The Cistercian nunnery of Clairfontaine (2009-2013)
Holy vows, worldly manners. Monastic space, consumption practices and social identity in the Cistercian nunnery of Clairfontaine, PhD research Davy Herremans
Research examines how the sisters in Clairefontaine interacted with their material and social environment in order to understand their position in Luxembourgian society. By using both documentary and material evidence we will demonstrate how the religious in Clairefontaine deliberately used patterns of display exhibited by Luxembourgian nobility to communicate their position in the world.
Medieval and early modern religious women are usually depicted as living in a remote reality, detached from the secular world. An ideal image persists of pious women choosing a disciplined and strictly regulated life of solitude and silent contemplation. A life characterized by alienation from worldly being. Religious communities were and often still are considered as highly regulated institutions, subject to a normative model designed to be universal, leaving little scope for deviant behaviour and individuality. According to this perspective, the choice for a religious life implicated a radical change in lifestyle for the women, chiefly upper-middle-class and aristocratic families entering the convent, forcing them to abandon all goods, worldly values and elite habits.

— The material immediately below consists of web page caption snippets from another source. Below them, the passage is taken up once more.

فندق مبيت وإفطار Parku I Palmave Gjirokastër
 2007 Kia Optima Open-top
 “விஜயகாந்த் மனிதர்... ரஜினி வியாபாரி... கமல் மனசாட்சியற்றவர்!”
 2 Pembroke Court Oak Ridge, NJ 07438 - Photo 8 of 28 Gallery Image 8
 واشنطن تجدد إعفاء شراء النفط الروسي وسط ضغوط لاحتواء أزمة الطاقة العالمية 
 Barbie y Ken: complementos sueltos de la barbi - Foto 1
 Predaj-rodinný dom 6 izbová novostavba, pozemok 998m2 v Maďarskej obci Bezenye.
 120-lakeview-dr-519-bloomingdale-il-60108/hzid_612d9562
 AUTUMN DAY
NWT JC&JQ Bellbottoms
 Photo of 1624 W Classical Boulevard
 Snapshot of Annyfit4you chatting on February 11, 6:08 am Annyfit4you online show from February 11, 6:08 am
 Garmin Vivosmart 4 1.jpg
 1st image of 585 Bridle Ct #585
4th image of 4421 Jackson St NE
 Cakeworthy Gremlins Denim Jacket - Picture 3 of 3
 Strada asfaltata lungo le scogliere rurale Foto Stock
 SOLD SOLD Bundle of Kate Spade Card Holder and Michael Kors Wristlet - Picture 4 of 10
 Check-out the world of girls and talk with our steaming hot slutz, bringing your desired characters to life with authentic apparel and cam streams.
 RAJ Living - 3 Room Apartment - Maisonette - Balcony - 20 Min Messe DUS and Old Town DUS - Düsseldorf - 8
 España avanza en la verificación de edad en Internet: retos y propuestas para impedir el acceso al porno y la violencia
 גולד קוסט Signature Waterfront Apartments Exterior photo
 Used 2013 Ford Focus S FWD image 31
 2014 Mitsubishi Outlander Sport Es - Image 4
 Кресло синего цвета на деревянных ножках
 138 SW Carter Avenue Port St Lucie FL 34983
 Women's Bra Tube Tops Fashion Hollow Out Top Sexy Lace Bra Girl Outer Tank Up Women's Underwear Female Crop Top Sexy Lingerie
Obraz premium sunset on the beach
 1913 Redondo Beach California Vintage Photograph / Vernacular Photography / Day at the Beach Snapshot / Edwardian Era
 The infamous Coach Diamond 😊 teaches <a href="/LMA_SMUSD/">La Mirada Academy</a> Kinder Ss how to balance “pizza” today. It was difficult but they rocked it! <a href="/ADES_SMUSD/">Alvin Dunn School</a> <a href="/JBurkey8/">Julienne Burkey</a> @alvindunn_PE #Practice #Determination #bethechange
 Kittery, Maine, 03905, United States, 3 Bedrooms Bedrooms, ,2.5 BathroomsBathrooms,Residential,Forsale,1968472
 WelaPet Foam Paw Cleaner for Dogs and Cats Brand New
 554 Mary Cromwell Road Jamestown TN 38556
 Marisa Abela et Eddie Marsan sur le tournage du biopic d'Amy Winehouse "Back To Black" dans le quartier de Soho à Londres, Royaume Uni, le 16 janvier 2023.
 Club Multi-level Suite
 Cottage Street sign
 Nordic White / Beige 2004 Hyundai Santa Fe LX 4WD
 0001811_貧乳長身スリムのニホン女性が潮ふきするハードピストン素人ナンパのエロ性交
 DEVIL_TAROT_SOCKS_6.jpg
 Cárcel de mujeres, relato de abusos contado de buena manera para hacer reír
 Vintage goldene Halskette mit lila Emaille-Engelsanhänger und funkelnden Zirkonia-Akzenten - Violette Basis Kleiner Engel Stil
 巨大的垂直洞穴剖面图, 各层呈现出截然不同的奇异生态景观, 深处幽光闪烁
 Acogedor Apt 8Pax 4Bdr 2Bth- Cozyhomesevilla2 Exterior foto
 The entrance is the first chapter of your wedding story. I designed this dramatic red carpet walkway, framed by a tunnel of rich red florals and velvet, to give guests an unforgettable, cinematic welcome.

Findings at Clairefontaine are at odds with this traditional view on female monasticism. Both the documentary and the archaeological record demonstrate how architecture, objects and foodways abridged the physical and mental distance between the religious and the world to which they once belonged. It becomes clear that the sisters were children of their time, who were well aware of worldly pleasures and fashionable consumer practices among the medieval and early modern Luxembourgian elite.